THE TASK: Reproduce each record verbatim, images excluded.

INPUT MATERIAL START

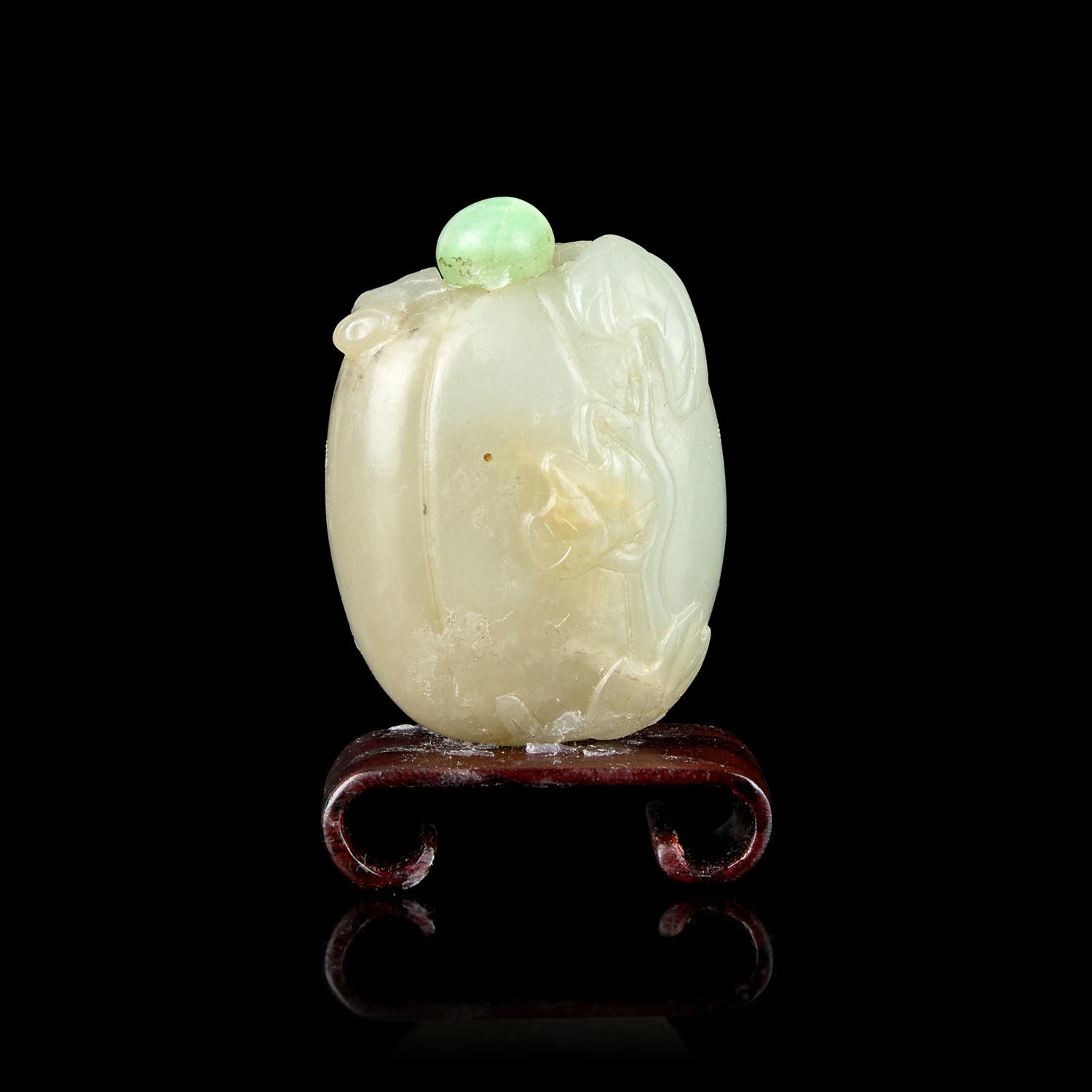 A Chinese Carved Celadon Melon-Form Snuff Bottle 青玉瓜形鼻煙壺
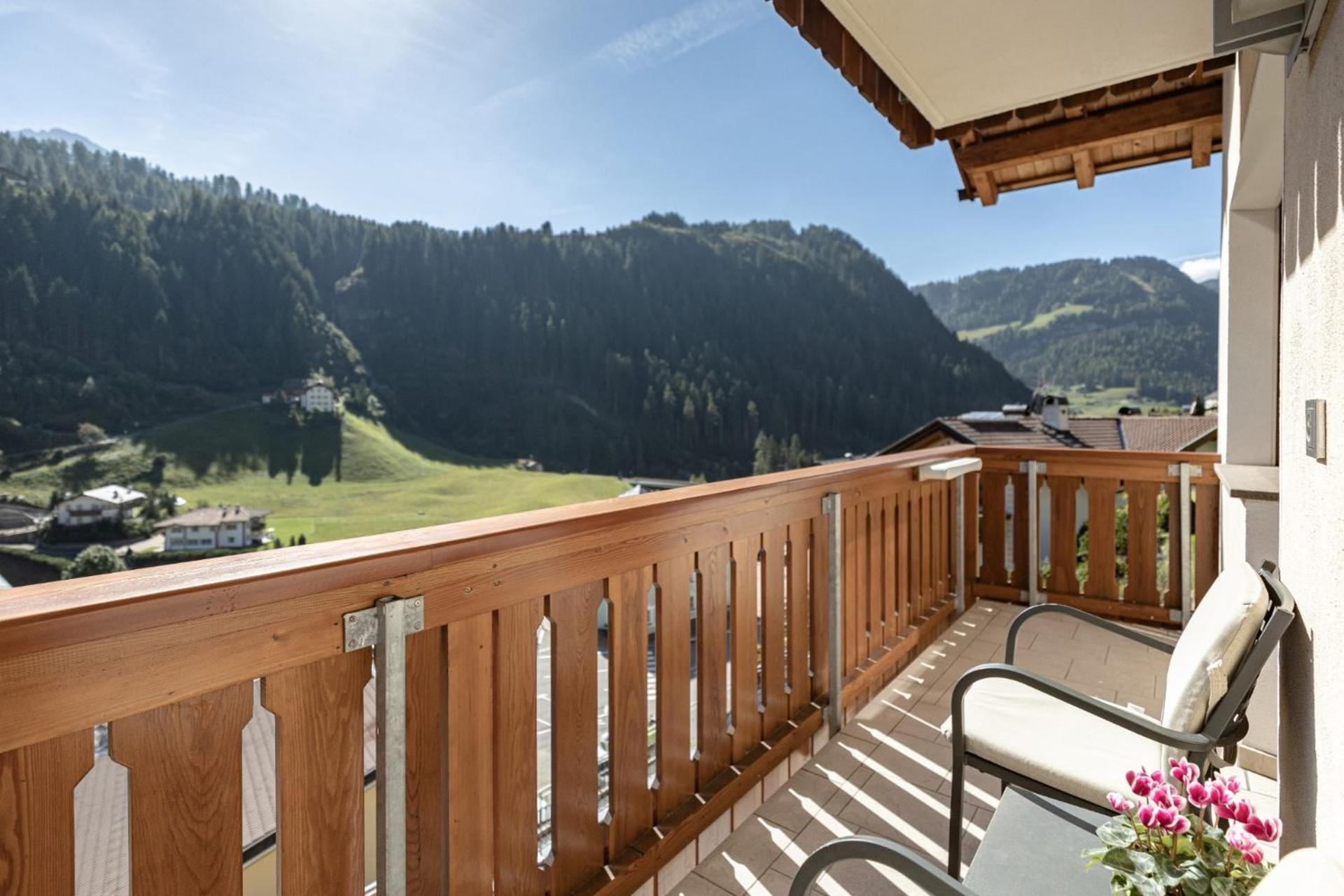 Apartments Soval Santa Cristina Val Gardena ภายนอก รูปภาพ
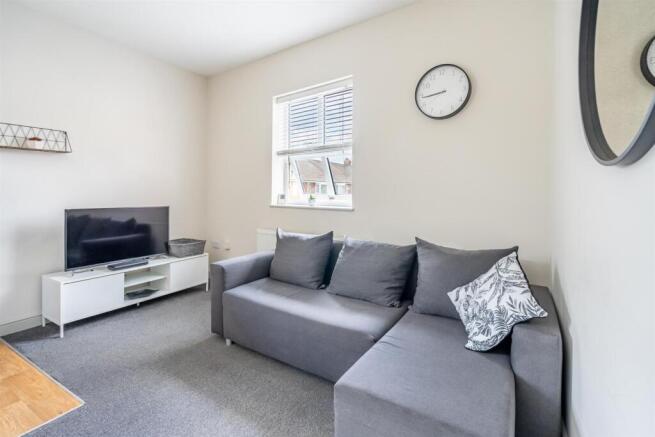 1 bed Flat to rent Image 5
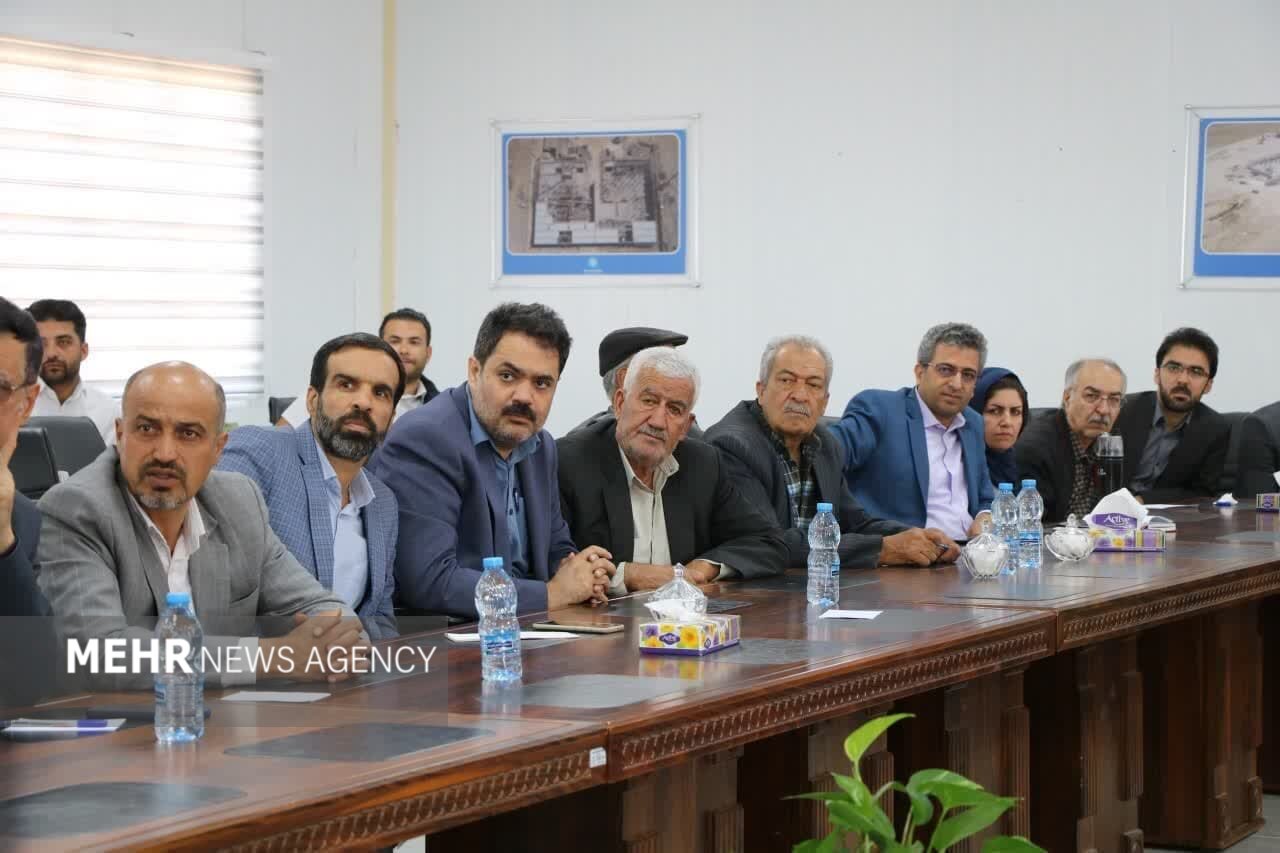 کارگروه سازگاری با کمآبی اصفهان از پروژه ماندگان بازدید کرد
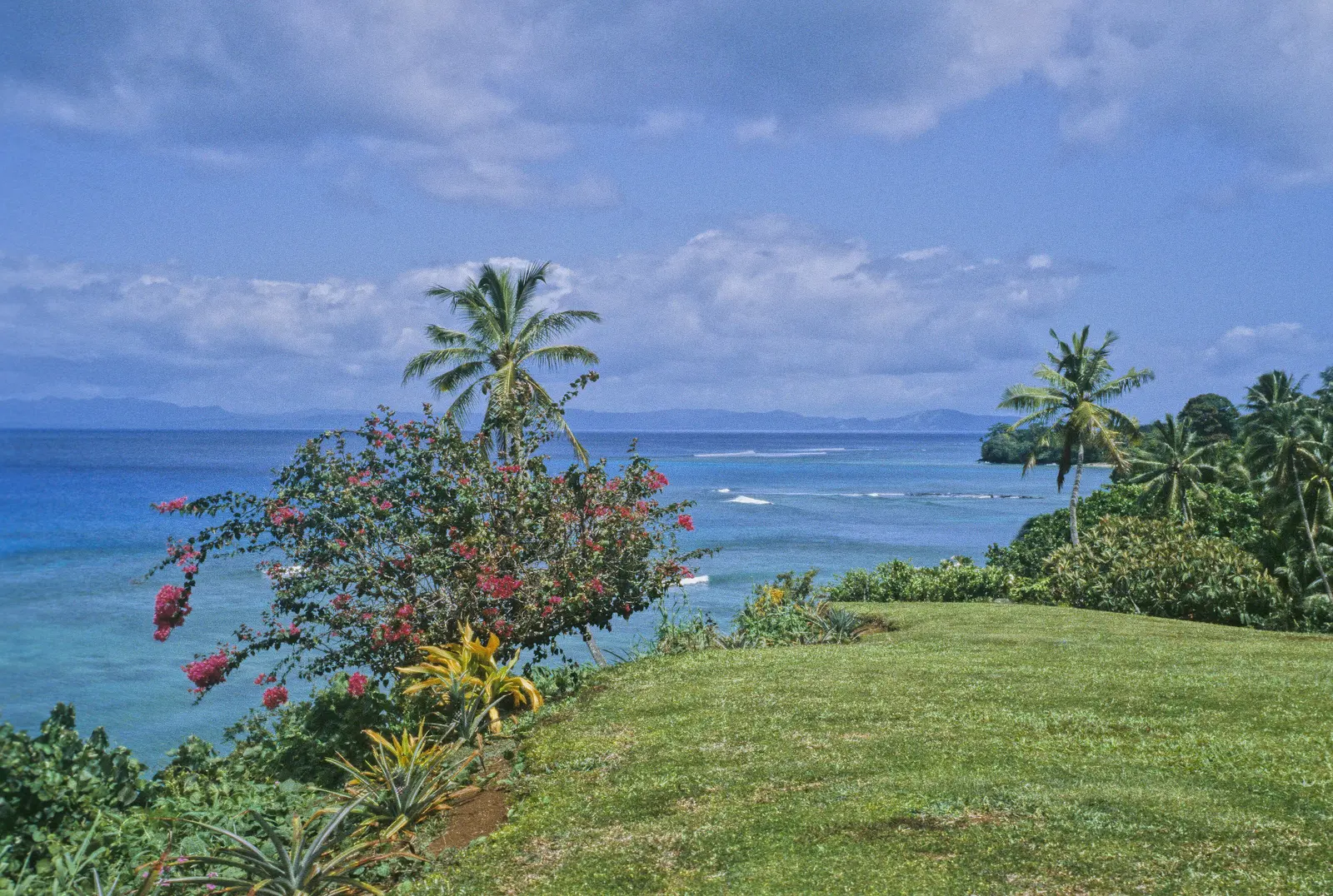 Taveuni, looking toward Matagi island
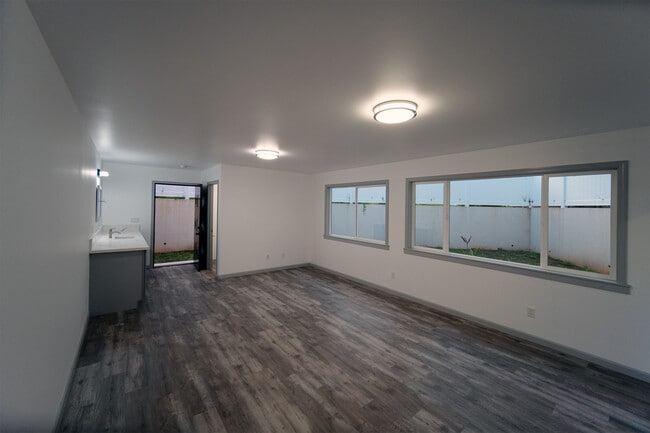 property at 418 Halemaumau St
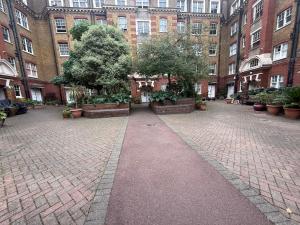 Το κτήριο όπου στεγάζεται  το διαμέρισμα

INPUT MATERIAL END

SOLUTION BELOW:
 A Chinese Carved Celadon Melon-Form Snuff Bottle 青玉瓜形鼻煙壺
 Apartments Soval Santa Cristina Val Gardena ภายนอก รูปภาพ
 1 bed Flat to rent Image 5
 کارگروه سازگاری با کمآبی اصفهان از پروژه ماندگان بازدید کرد
 Taveuni, looking toward Matagi island
 property at 418 Halemaumau St
 Το κτήριο όπου στεγάζεται  το διαμέρισμα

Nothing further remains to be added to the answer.